P.S. A final note to this long-winded saga. Shawn took the peptide for a month or so then ran out and had to stop until I was able to send him more. During this time he unfortunately got worst and feels he may have suffered a relapse. After about a month or so, he resumed taking the peptide but it no longer had any effect on him. He has now stopped taking it altogether as he felt it was doing nothing for him. I, on the other hand am now stuck with two year’s supply of the stuff as Kay returned to me her bottles (as originally I was going to be sending them on to Shawn, but that is no longer the case). There’s a very grave lesson to be learned from all this – only fools rush in.

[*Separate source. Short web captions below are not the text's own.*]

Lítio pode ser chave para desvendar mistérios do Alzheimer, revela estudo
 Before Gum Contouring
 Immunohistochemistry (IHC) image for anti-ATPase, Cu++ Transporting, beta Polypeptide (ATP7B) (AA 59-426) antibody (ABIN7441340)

lady_express_44 12-02-2007 10:26 AM

Hey AGR, been wondering what you've been up to as I haven't noticed you posting in quite some time.

Thanks so much for the very informative post. In retrospect, it certainly seems like some kind of scam, doesn't it? Probably fortunately (for me), I don't have the money to experiment with too many options, but I am sorry to hear of anyone who has spent their cash on something that didn't work. I am just glad that it did not make things much worse for you either.

I am still on LDN, and hanging in there. I don't notice any further disease progression, and things are stable according to my neuro. This has been a rough year though, mostly due to stress and exhaustion (moving, etc.).

Thanks again for such a great summary.

Cherie

AfterMyNap 12-02-2007 11:09 AM

Wow, what a nightmare. Thanks, AGR, it is heartbreaking to see these evil-mongers taking advantage of people who so desperately want real help.:mad:

AGR_UK 12-02-2007 02:39 PM

It's like I replied on BT to the same thread (I'm posting this account on as many MS forums as I can), the truly unbelievable thing about this all is that Pathways, the MS mag put out by MSRC is giving these guys free advertising and practically selling the stuff for them with 'testimonials' every month which only praise the stuff (does everything but make the tea apparently). Rarely are there 'testimonials' saying it didn't work. So how come I personally know at least 10 people who have tried this stuff and it's done bugger all for them? Yet you never see accounts in their mag reporting this. Disgusting if you ask me.